The Fed raised interest rates by 50 bps as anticipated, and markets rallied for a few days last week on Chairman Powell’s comment that a 75 bps increase was off the table for June and his reassurances that a near-term recession was unlikely. But on Thursday, after a 3-day rally, investors reconsidered these comments given some worrisome inflation data.

The Commerce Department reported that nonfarm unit labor costs jumped 11.6% in the first quarter. This was well above the elevated consensus forecast for a rise of around 9.9% and was due largely to a 7.5% drop in productivity, the biggest quarterly decrease in nearly 75 years. Friday’s nonfarm payroll report came in in-line with expectations, adding 428k jobs in April, but there was encouragement that wages only rose 0.3% instead of March’s 0.5% figure.

Amid all this news, the 10-year Treasury breached 3% for the first time since 2018, climbing as high as 3.18% on Friday. The yield curve continued its recent steepening trend as long-term inflation expectations and long-maturity Treasury yields increased, as more investors ditched their bet that the yield curve would flatten.

According to FactSet, while the 87% percentage of S&P 500 companies beating EPS estimates YTD is above the five-year average of 77%, the magnitude of these positive surprises (4.9%) is below the five-year average level of 8.9%. This supports that higher costs are a problem for many companies, as revenues are above the 5-year average level.

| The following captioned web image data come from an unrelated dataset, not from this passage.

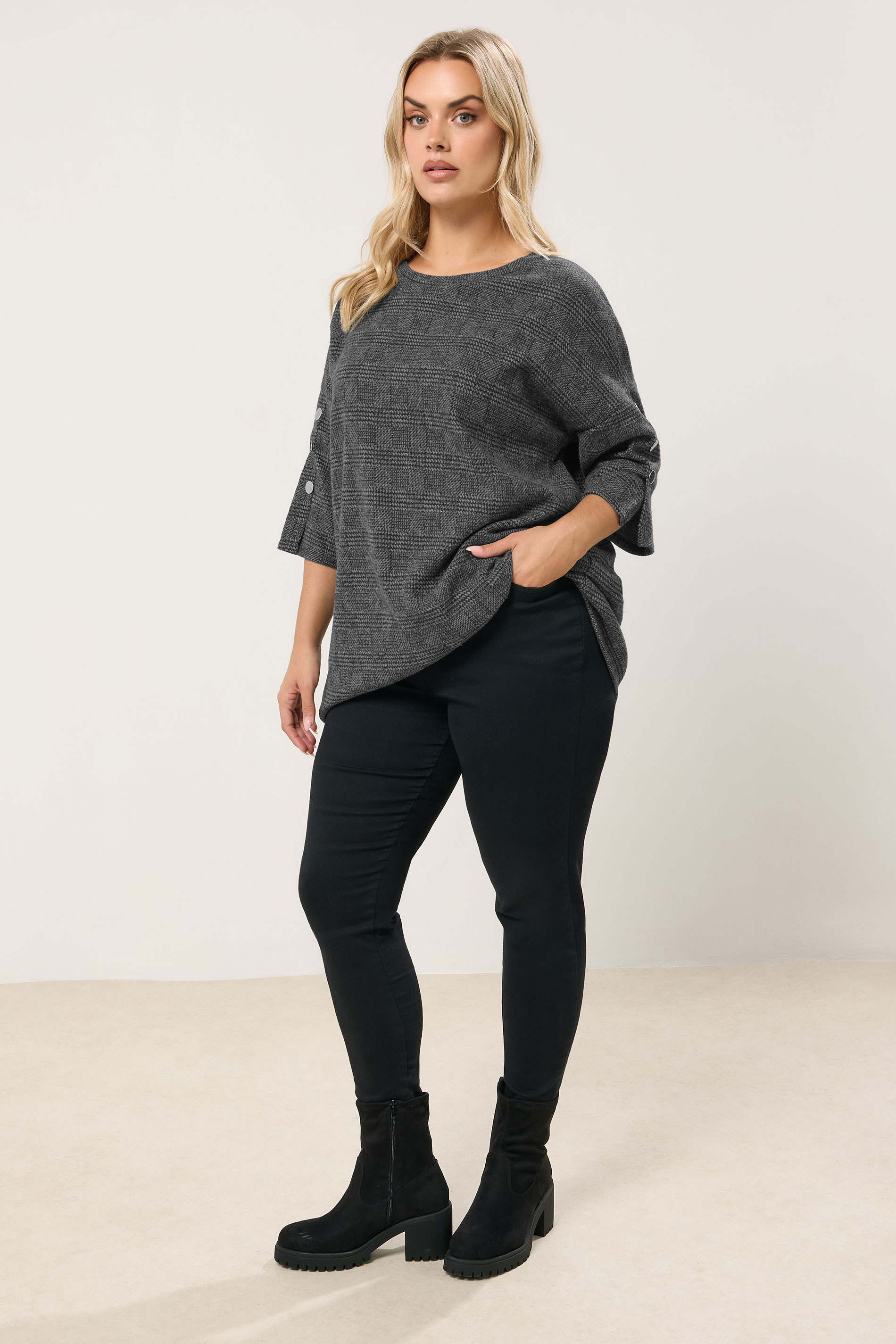YOURS Plus Size Grey Check Soft Touch Button Top | Yours Clothing 1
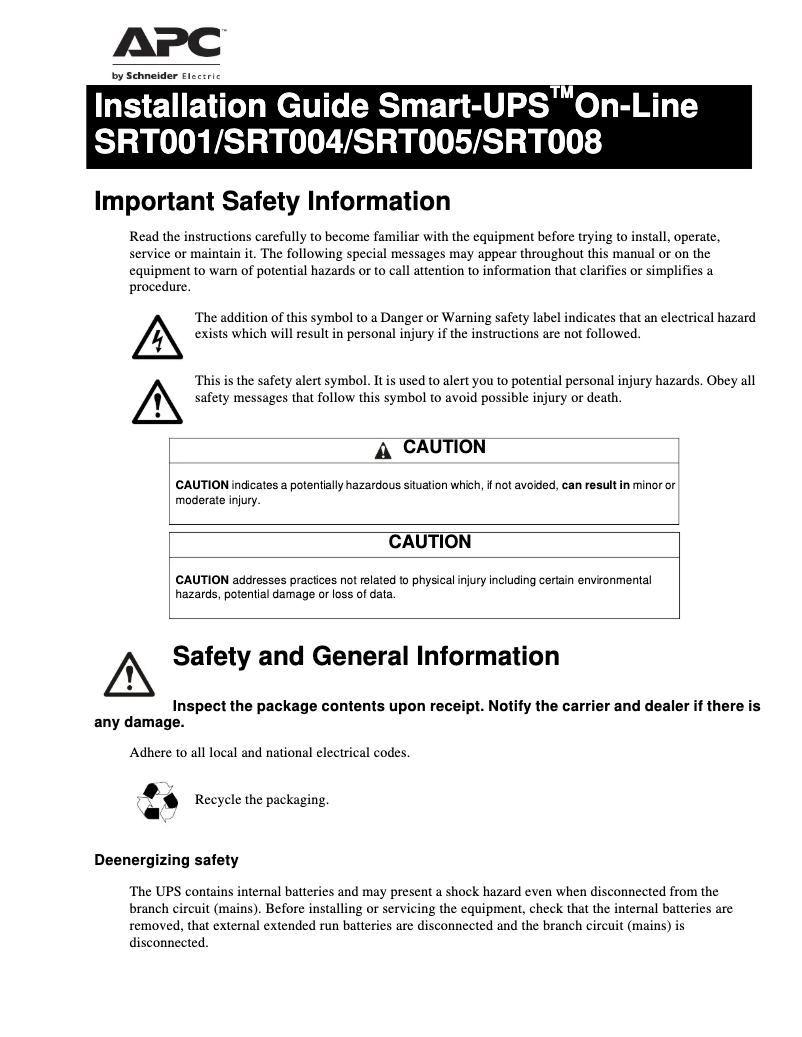 Page 1 de la notice Manuel utilisateur APC Smart-UPS SRT005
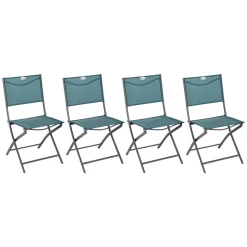Lot de 4 chaises de jardin pliantes MODULA Bleu canard & Graphite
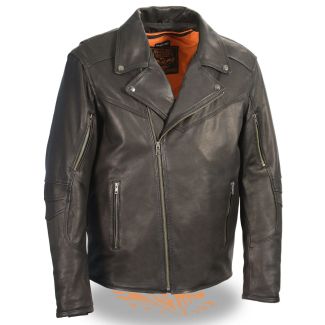 milwaukee leather mlm1516 black real leather motorcycle jacket for men &ndash; lightweight police style biker jacket 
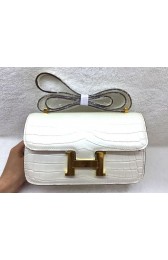 Hermes Constance Bag Croco Leather 3327 White HV03185OG45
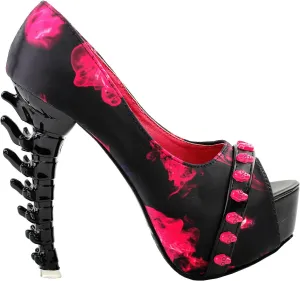SHOW STORY Skull Rose Print Peeptoe Platform Bone Heel Party Club Pumps,LF80629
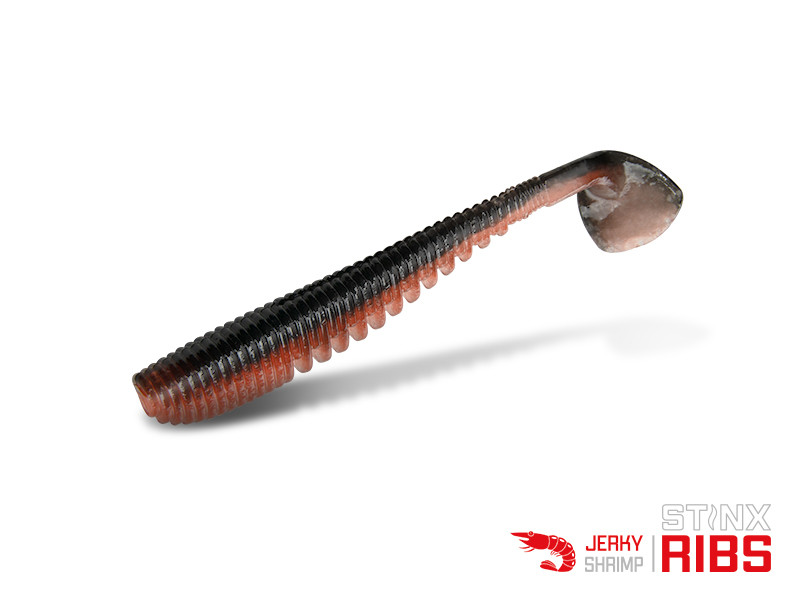 Delphin B! StinxRIBS Shrimp 5cm JERKY, CMF Bass, Soft plastic for bass Fishing, Paddle tail lures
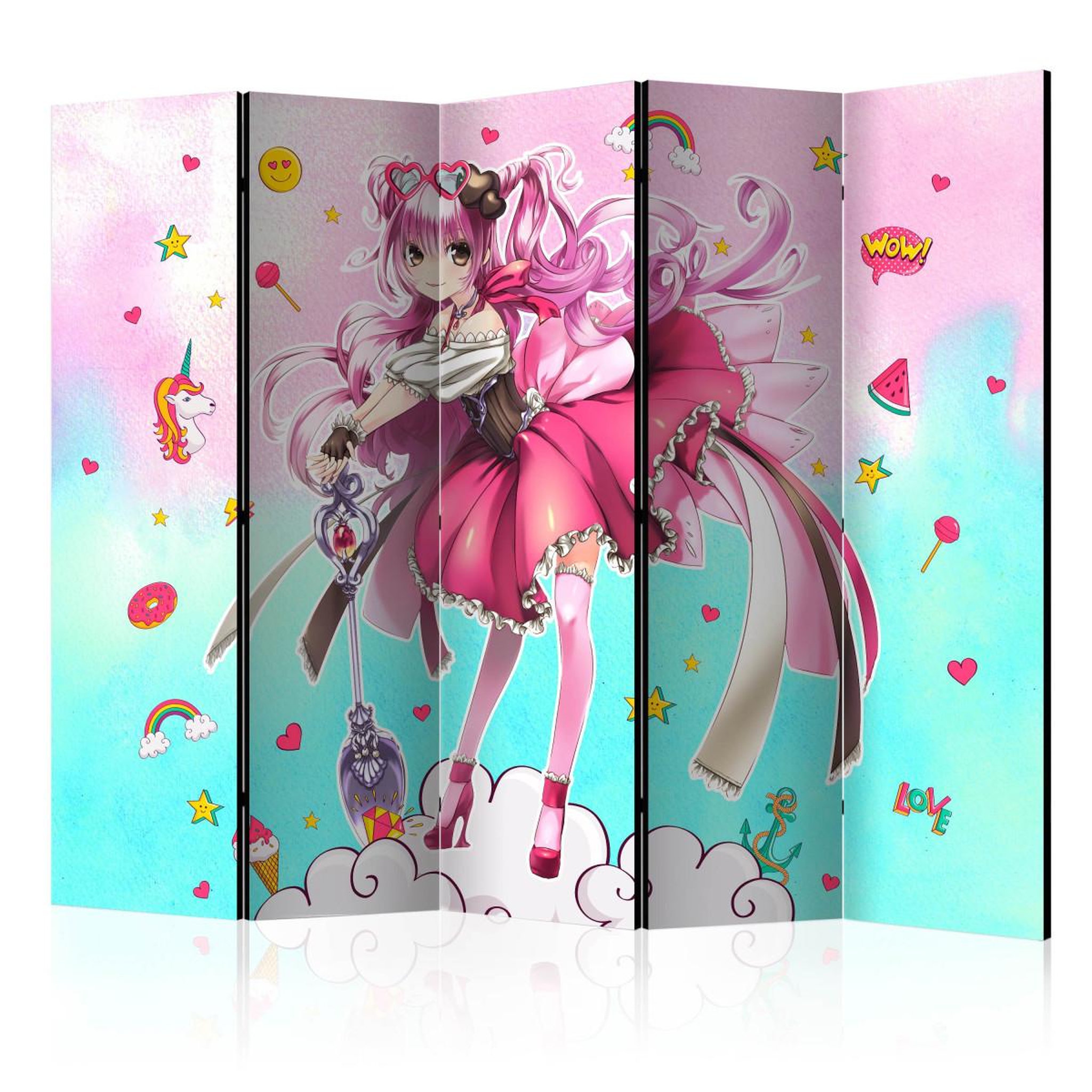 Paris Prix Paravent 5 volets  sorceress miko  172x225cm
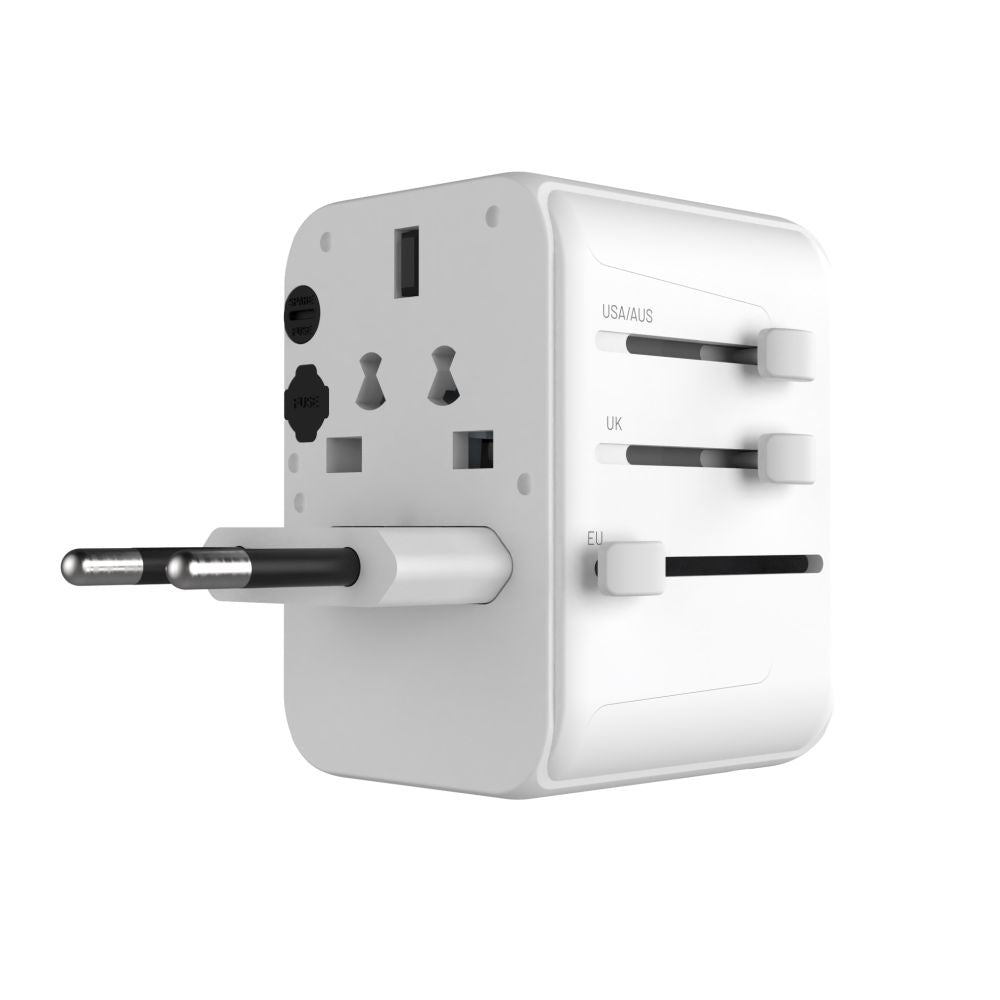 Punjač mreže Fixed Travel, 30W, 3A, 2 x USB-A - 1 x USB-C, Beli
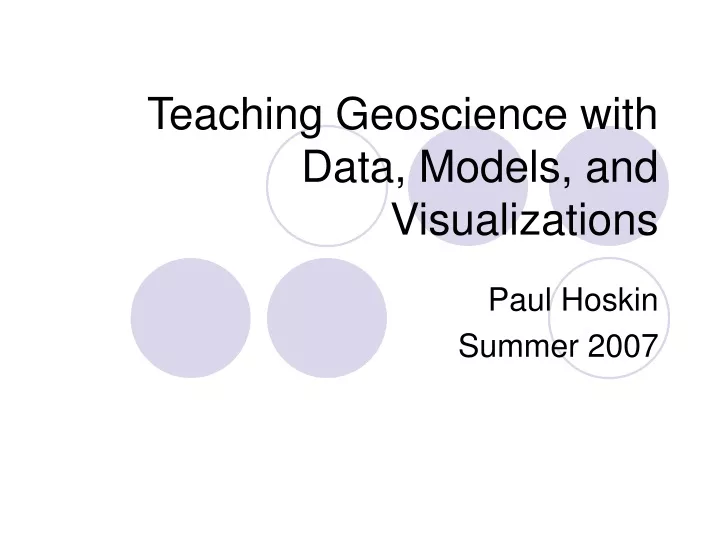 teaching geoscience with data models and visualizations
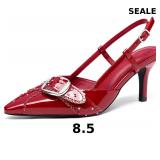 Coutgo Womens Slingback Kitten Heels Studded Shoes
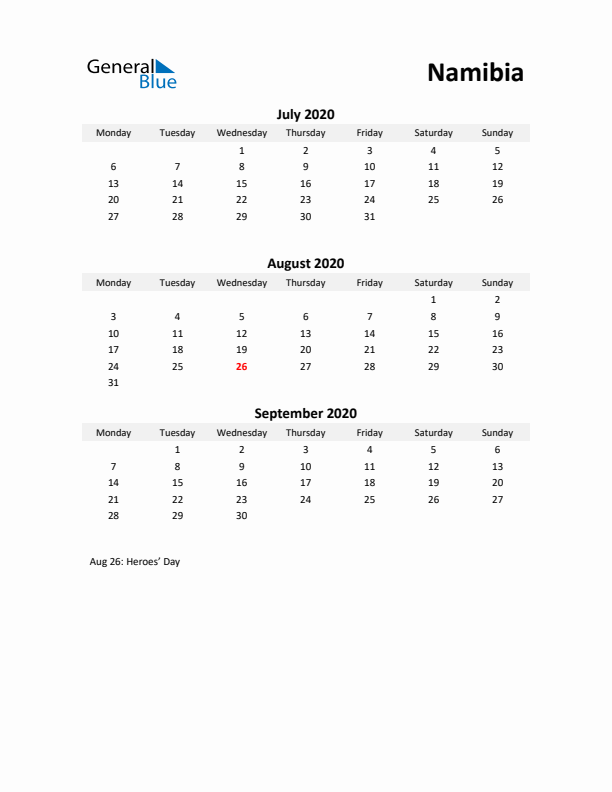 Printable Quarterly Calendar with Notes and Namibia Holidays- Q3 of 2020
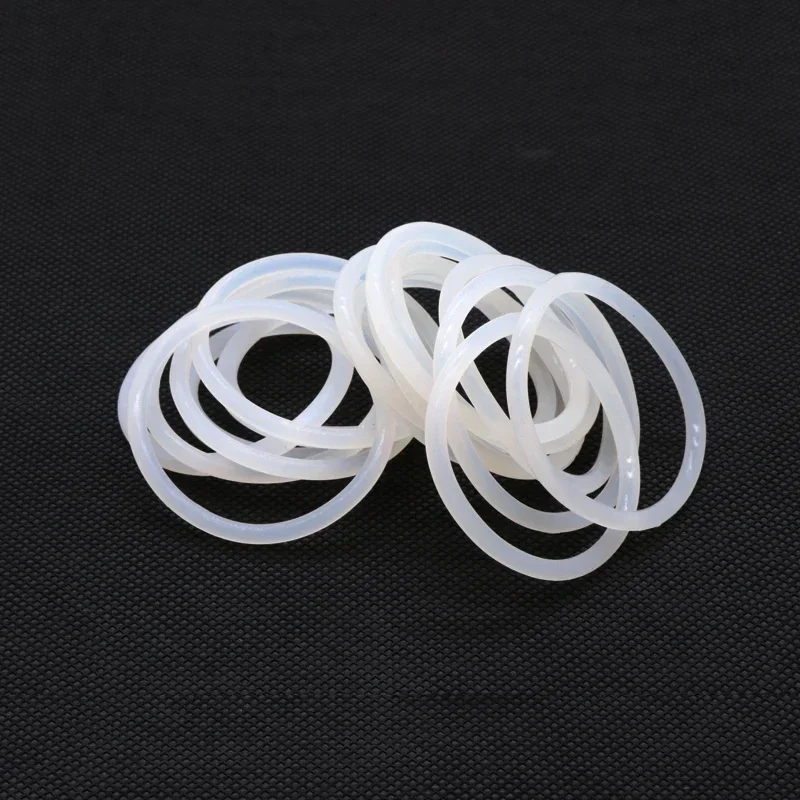 Rubber O Rings 10pcs Thickness 2/3/4mm White Rubber Seal Ring OD 5-150mm Heat Resistant Food Grade Silicone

The SEC approved yet another Bitcoin futures ETF, giving the green light to Valkyrie’s filing. Thursday’s sharp market reversal was brutal for many leveraged ETFs. In the 3 days through Wednesday, investors piled into TQQQ (the triple-levered version of the QQQ), only to see it tumble 15% on Thursday. Similarly $1.8 billion poured into High Yield (HYG), just in time for its worst day in two years. And the $600 million in new flows betting on ARKK, saw a slump of almost 9%, with the new 2X levered TARK version debuting down 18% its first week. One thing is for certain, investors who boldly took these risk-on bets, got wickedly whipsawed by last week’s quick market reversal.

Let’s see what investors, licking their wounds, do next week. Adding more fuel to the fire, inflation data will be the key focus with reports out from the US and China for April. There will be more Fed comments following the May Fed FOMC meeting, as well as US consumer sentiment data. China will release new trade data against the backdrop of lingering COVID-19 disruptions. And the UK’s March GDP data and eurozone industrial production figures are also lined up in the week ahead. And then, of course, there is the Russia and Ukraine situation and the devastating toll it is taking.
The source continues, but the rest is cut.